Dernier amour avant liquidation de Pierre Ahnne.jpg Cinquième roman de Pierre Ahnne, écrivain dont on ignorait à peu près tout jusqu'ici, Dernier amour avant liquidation est une bonne surprise, qui a le mérite de ne pas se laisser piéger par les travers habituels du roman psychologique à la française. L'histoire tient en une phrase, avec laquelle l'auteur s'amuse tout au long du roman : « un homme décide de se suicider. Il part sur les côtes normandes pour se jeter dans la mer. »

La balade de la mer sucrée

A partir de cette ligne assez mince, Ahnne traîne son personnage désabusé avec une belle élégance mélancolique de bord de mer, un air (marin) de lassitude existentielle et une énergie qui, bien que tout à fait improbable, permet au roman de tenir la distance. Là où d'autres (on n'ose imaginer ce qu'une Anna Gavalda ou un Marc Lévy auraient pu broder sur le même thème) en auraient fait des tonnes et sombré tête la première dans le pathos, Ahnne est suffisamment malin pour ne pas ancrer son narrateur dans une vie bien définie : on ne saura pas ce qui l'a amené vers l'idée de mettre fin à ses jours, on ne saura pas qui il est, ce qu'il fait, ce qui pourrait vraiment le faire changer d'avis.

L'homme loue une chambre d'hôtel et promène sa carcasse condamnée dans le décor propice d'une station balnéaire, histoire de mettre quelques jours d'errance et de petit confort entre sa mort et lui.
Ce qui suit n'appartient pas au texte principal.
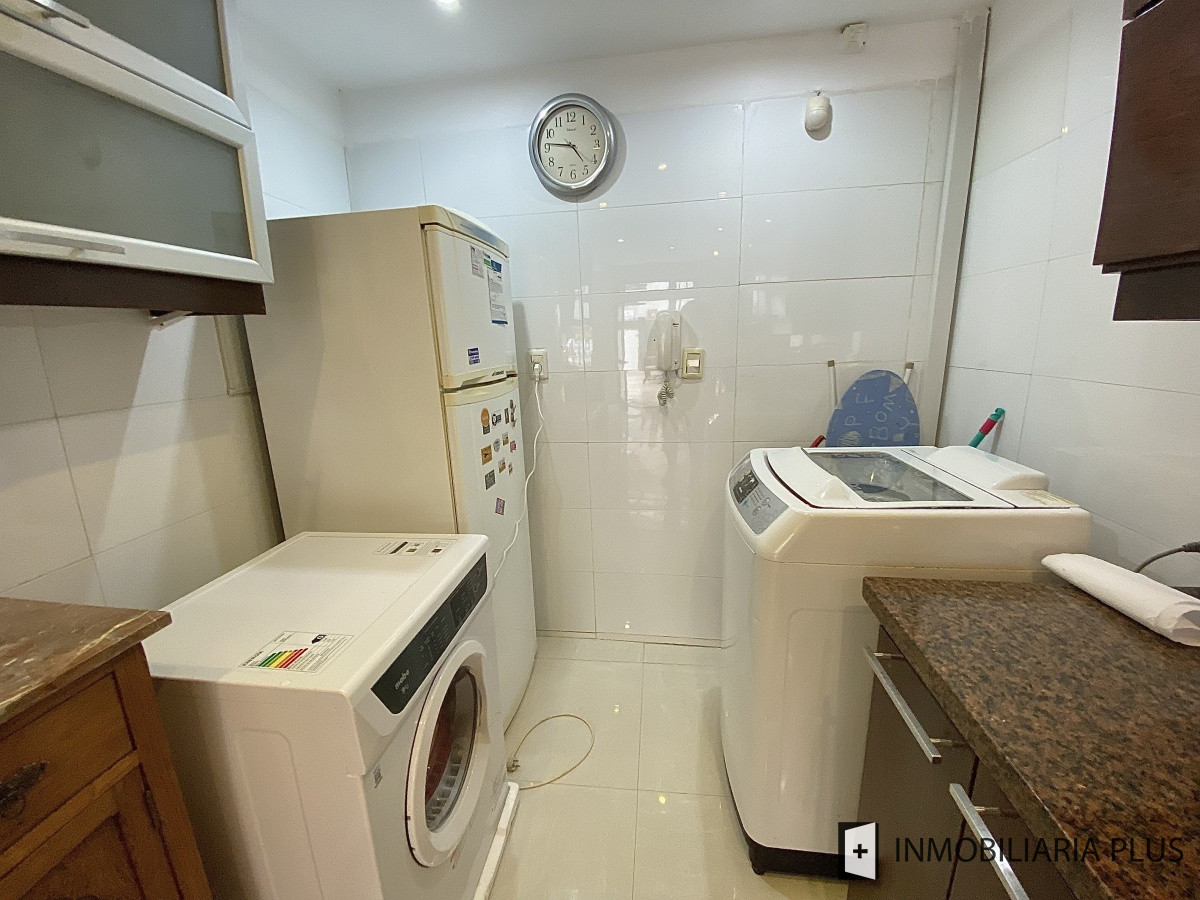 Apartamento ID.298 - Alquiler de CASA 365m2 frente al Puerto del Buceo, Barbacoa, 3 cuartos, 2 suites, servicio, jardín, vista veleros. C869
Ce qui peut paraître comme une bonne idée (se laisser glisser lentement vers la mort plutôt que de se suicider à la va vite) va s'avérer une stratégie risquée. La vie est comme la chienlit : elle s'infiltre partout. L'homme, tandis qu'il avale un plateau de fruits de mer, fait la connaissance d'une femme (rousse, donc) qui pourrait bien avoir les mêmes intentions que lui. Ils causent, ils baisent dans la belle maison de vacances de celle-ci et voilà que la vie repart malgré elle, mais rendue cette fois au hasard et à la déraison.

 

Coquillage on est mal

Les personnages d'Ahnne sonnent comme des coquillages de bord de plage. Leur chair est translucide et maigre mais ils dégagent une petite musique humaine lorsqu'on les place contre l'oreille. L'homme et la femme se cramponnent l'un à l'autre. Elle ne va pas bien, est mariée, a une fille adolescente. On apprend qu'elle est professeur et qu'elle est régulièrement « mise en congés » par sa hiérarchie, ce qui est assez inquiétant. Ils font des aller-retour entre la maison et l'hôtel, le restaurant et le front de mer. Le narrateur se pose quelques questions qui ne sont pas ce qu'il y a de plus réussi dans le livre, puisque rien ne peut être vrai ici (encore moins quand le mari débarque). L'analyse psychologique ne fonctionne pas : c'est à la fois la faiblesse et la force du livre. Les personnages sont toc et produisent ainsi de l'étrange, une sorte de comique de situation permanent et un effet absurde qui ne sont pas sans rappeler (la langue en moins) les premiers romans de Régis Jauffret Histoire d'Amour, Clémence Picot,...). Ahnne fonce alors vers une fin presque épique à l'échelle de ce roman vignette tout à fait convaincante. L'auteur s'emmêle techniquement dans les déplacements et le passage des jours (le plan séquence ne rend pas justice à ce qui se passe) mais réussit quelques belles scènes de drame sentimental : un gigot d'agneau saignant qui vole à travers la pièce, une noyade bidon bien embarquée, le Grand Amour, un gynécologue mari complaisant,....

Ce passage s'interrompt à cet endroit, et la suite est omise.